LETTERS

Jewish Respect for Pope Pius XII

Thank you for Bob Holton's insightful article on the controversy surrounding John's Cornwell's malicious book Hitler's Pope ("He Was No ‘Hitler's Pope,’ Pius XII Experts Contend,” Sept. 19-25). What was disappointing and troubling, though, was Rabbi Leon Klenicki's charge, without support for his thesis, that Pope Pius XII somehow “chose” Nazism over Communism. Because of the type of organization he works for, the Anti-Defamation League of B'nai B'rith, Rabbi Klenicki should be even more sensitive to making unfounded charges, particularly against the leader of the Catholic Church.

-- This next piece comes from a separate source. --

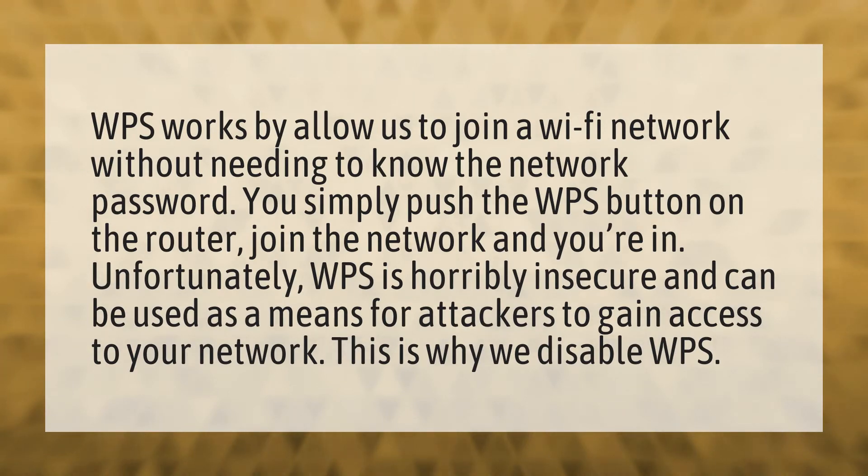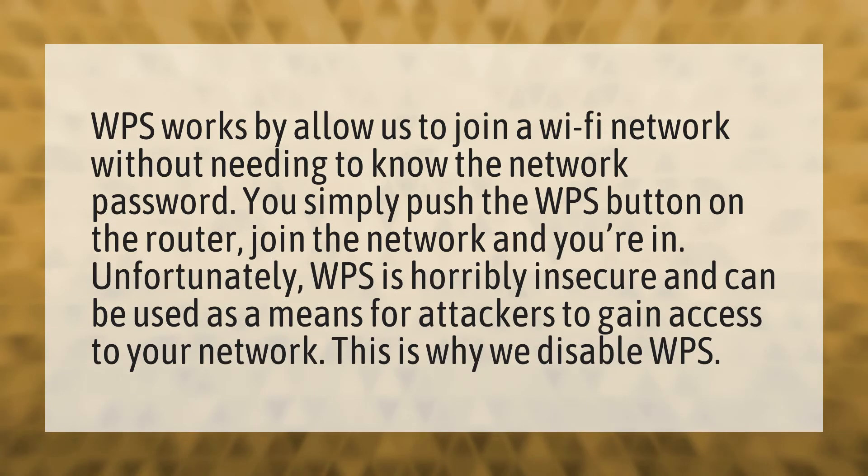WPS works by allowing us to join a Wi-Fi network without needing to know the network password. You simply push the WPS button on the router, join the network and you're in.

The Anti-Defamation League has, sadly, strayed from its commendable and accurate defense of Pius XII in years past, when Dr. Joseph Lichten refuted the defamatory work of a literary predecessor of Cornwell's, Rolf Hochuth, who wrote The Deputy in the 1960s.

Besides Lichten's Pius XII and the Holocaust: A Question of Judgment, I charitably suggest that Rabbi Klenicki and his colleagues read or reread the works of other respected Jewish scholars like Jeno Levai (Pius XII Was Not Silent, London: Sands & Co., 1968), who gave testimony at the trials of various Nazi war criminals, and Israeli diplomat Pinchas Lapide, author of Three Popes and the Jews (New York: Hawthorn, 1967).

Thomas J. Nash Steubenville, Ohio

Shakespeare's True Faith

The Sept. 5-11 Register reported on an international gathering of scholars that examined the question of whether or not Shakespeare was a Catholic ("Shakespeare Scholars Say The Bard Was … Catholic? “). In 1945 John Henry de Groot, a Presbyterian minister, published his Columbia Ph.D. thesis, “The Shakespeares and ‘The Old Faith,’”in which he gave the still most systematic and massive evidence on behalf of Shakespeare's having been a Catholic. This book was recently reprinted by Real View Books with a most enlightening postscript by Stanley L. Jaki, which shows, among other things, the stunning extent to which de Groot's scholarly book has been ignored and this holds true, also, of some Catholic Shakespeare scholars.